Berdasar data United States Department of Agriculture/USDA dan Direktorat Jenderal Perkebunan Kementerian Pertanian (Kementan) menyebutkan bahwa Indonesia menyumbang 6,6% produksi kopi dunia. Total produksi kopi Indonesia per Desember 2022 sebesar 11,4 juta (per kantong 60 kg), dimana produksi arabika sebesar 1,4 juta kantong dan robusta sebesar 10 juta kantong. Sedangkan luas panen perkebunan kopi nasional sebesar 1.837 ribu ha. Oleh karena itu, untuk mendukung pengembangan kopi rakyat Indonesia berkelanjutan dan berdaya saing, Indonesia perlu segera berbenah agar dapat menciptakan ekosistem industri kopi dari hulu (on farm) hingga hilir (off farm).
Selain peluang di atas, terdapat beberapa pekerjaan rumah (PR) bagi Capres/Cawapres berupa pembentukan ekosistem kopi rakyat di negeri ini, sebagai bentuk keberpihakan pada industri kopi yang nyata. Adapun permasalahan kopi rakyat sudah dimulai dari on farm, pasca panen hingga pemasaran. Ketika bicara budidaya kopi di on farm, muncul kendala seperti; tanaman kopi sudah banyak yang tua serta tidak produktif, peremajaan dilakukan terlambat, bibit tidak klonal, produktivitas rendah, pemeliharaannya kurang, teknologi terbatas, perubahan iklim, kurang akses permodalan.
Permasalahan tidak muncul di on farm saja, pasca panen juga banyak yang harus dibenahi, yaitu; fasilitas pengolahan terbatas, penjemuran kopi tidak sempurna, pengolahan kopi secara tradisional, pengetahuan pasca panen terbatas, tidak ada sertifikasi dan kualitas kopi rendah. Tahap pemasaran juga perlu diperbaiki, misalnya; terkait kurangnya pengembangan kopi industri, rantai penjualan panjang, kualitas tidak terjaga, dan pasokan tidak stabil.
Melihat berbagai tantangan tersebut, pemerintah memerlukan program strategik jitu dengan melibatkan berbagai stakeholders baik itu di BUMN maupun swasta untuk memperbaiki ekosistem kopi nasional. Langkahnya, melalui; pengelolaan budidaya tanaman kopi berkelanjutan, mempermudah akses permodalan, pendampingan budidaya pertanian, digitalisasi dan optimalisasi millennial smartfarming, hilirisasi industri kopi, dan farm to market partnership.
Menciptakan Hilirisasi Industri Kopi Rakyat
Pertama, pengelolaan budidaya tanaman kopi berkelanjutan.

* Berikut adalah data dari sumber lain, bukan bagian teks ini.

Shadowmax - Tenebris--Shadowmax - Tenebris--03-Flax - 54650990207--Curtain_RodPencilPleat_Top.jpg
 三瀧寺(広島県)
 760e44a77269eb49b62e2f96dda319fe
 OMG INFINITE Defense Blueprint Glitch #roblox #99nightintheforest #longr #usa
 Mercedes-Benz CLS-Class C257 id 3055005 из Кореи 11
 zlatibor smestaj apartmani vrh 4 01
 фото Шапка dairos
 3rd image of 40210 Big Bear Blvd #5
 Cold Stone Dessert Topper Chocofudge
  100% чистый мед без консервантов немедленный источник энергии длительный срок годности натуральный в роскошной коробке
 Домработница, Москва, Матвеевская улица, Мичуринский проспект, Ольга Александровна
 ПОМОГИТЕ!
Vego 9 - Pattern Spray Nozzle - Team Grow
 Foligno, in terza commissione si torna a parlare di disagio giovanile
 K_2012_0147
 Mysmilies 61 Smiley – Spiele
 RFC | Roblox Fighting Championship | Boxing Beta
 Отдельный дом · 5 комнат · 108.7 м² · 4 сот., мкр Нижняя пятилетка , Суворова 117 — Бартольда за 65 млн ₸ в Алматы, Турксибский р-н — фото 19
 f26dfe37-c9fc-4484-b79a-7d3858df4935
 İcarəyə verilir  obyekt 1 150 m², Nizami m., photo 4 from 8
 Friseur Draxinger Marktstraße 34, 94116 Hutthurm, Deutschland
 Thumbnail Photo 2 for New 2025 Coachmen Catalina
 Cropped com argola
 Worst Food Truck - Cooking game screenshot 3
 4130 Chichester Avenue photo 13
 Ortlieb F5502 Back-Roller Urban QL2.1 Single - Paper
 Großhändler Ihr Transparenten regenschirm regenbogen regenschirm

Hal mendasar yang perlu dilakukan adalah melakukan pengelolan budidaya tanaman kopi secara baik dan benar. Dimulai dari mencari bibit varietas unggul, analisa tanah beserta rekomendasi pemupukan, pemberian jarak antar tanaman, serta memberi pohon tegakkan atau pelindung agar kualitas kopi terjaga.
Kedua, mempermudah akses modal. Melibatkan lembaga keuangan baik bank maupun nonbank untuk dapat memberikan modal pembiayaan kepada petani kopi (rakyat), baik itu untuk; modal tanaman kopi baru (tanaman belum menghasilkan/TBM) dan tanaman pemeliharaan (tanaman menghasilkan/TM). Produk perbankan menggunakan Kredit Usaha Rakyat (KUR) atau kredit komersial. Untuk pembayaran angsuran dan bunga disesuaikan dengan model bisnis dari komoditas yaitu menggunakan pola yarnen (pembayaran setelah panen kopi ataupun pembayaran angsuran dan bunganya), sehingga tidak memberatkan petani kopi.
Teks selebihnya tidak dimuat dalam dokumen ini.